Schoen v. Arkansas Valley Gas Co.

263 P. 1079 | Kan. | 1928

The opinion of the court was delivered by

Marshall, J.:

Plaintiff recovered a judgment against the defendant in the sum of $8,240 for personal injuries sustained in a gas explosion, and for damage to the residence property occupied by the plaintiff as a homestead at the time of the explosion. The defendant appeals.

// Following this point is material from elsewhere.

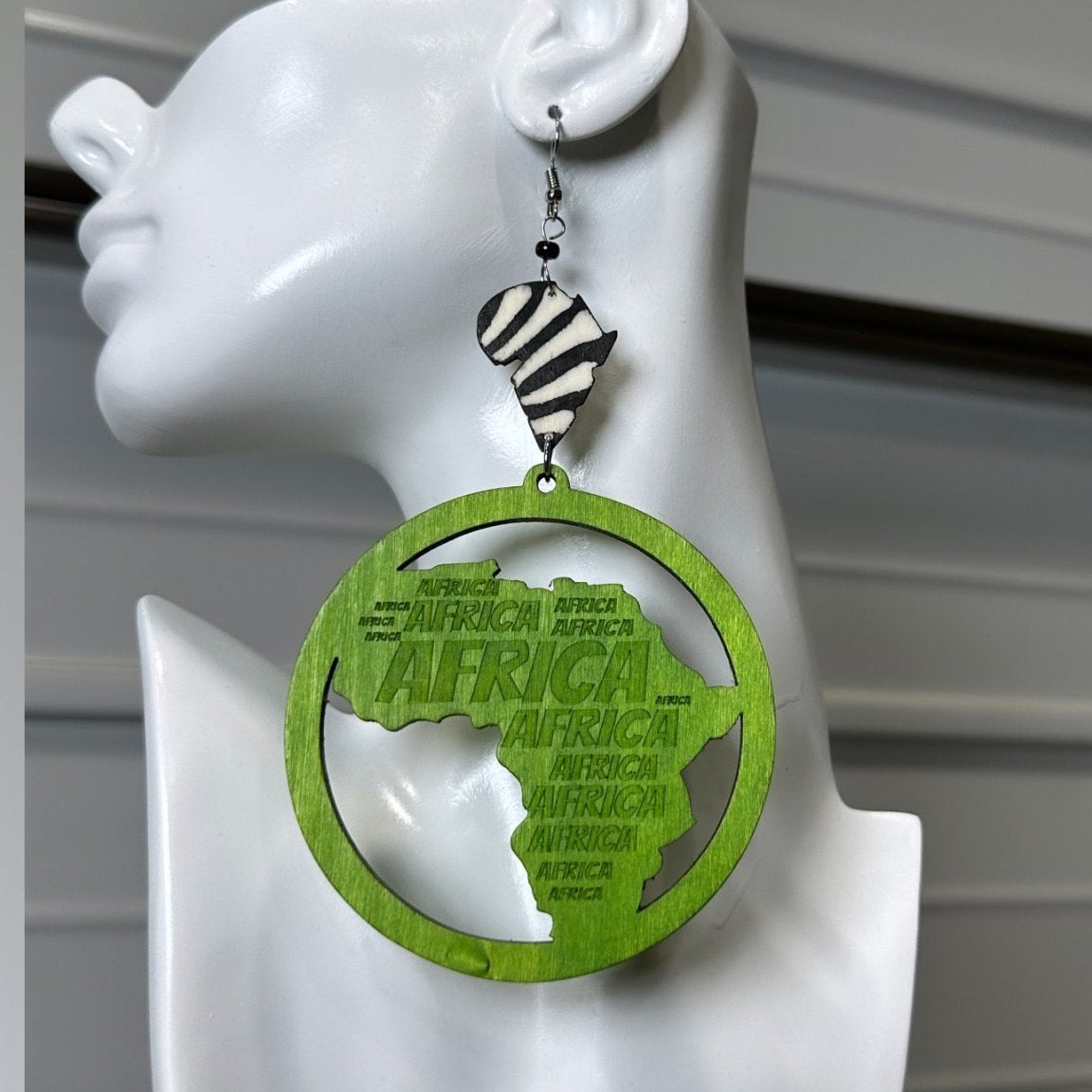Nia African Map Earrings - Trufacebygrace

The evidence tended to show that the plaintiff and his wife lived on certain residence property in Arkansas City, the title to which property was in the wife; that the wife ordered a gas range for the kitchen in the house; that the defendant sent its workmen to install the range; that, in order to install the range, the workmen first cut off the gas from entering the house; that they then installed the range, turned on the gas, lighted the gas in the range, turned the gas off at the range, and left the house; that the plaintiff’s wife worked in a store in Arkansas City; that she prepared the noon meal for the family on the new gas range, and after it was eaten, she went to the store and continued her work; that in the afternoon plaintiff and his mother drove to Coffeyville; that when the plaintiff’s wife returned from her work in the evening, she attempted to take a bath but found there was no hot water; that there had been a Ruud hot-water heater, bought from the defendant, installed in the house about two years previously; that the plaintiff’s wife did not undertake to ascertain why there was no hot water; that, on the following day, the plaintiff and his mother returned from Coffey-ville; that plaintiff’s mother attempted to take a bath, when the wife of the plaintiff asked him to go to the basement and light the gas in the water heater; that he went to the basement to do so; that he had a lighted cigarette in his mouth; that he turned on an elec*208trie light by turning a bulb in the socket; and that when he did so, an explosion occurred in which he was injured and in which the house was damaged.

The defendant in its brief says that — ■

“The petition, which was filed on September 16, 1926, alleges the following negligence on the part of the defendant: ‘That in turning off the gas (to install the kitchen range) the pilot light on the aforementioned heater was extinguished for lack of gas, and was permitted to remain so by the defendant, its servants, agents and employees. That while said pilot light remained extinguished the defendant by and through its servants, agents and employees, connected said gas range with the gas supply and left the premises of this plaintiff.1 ”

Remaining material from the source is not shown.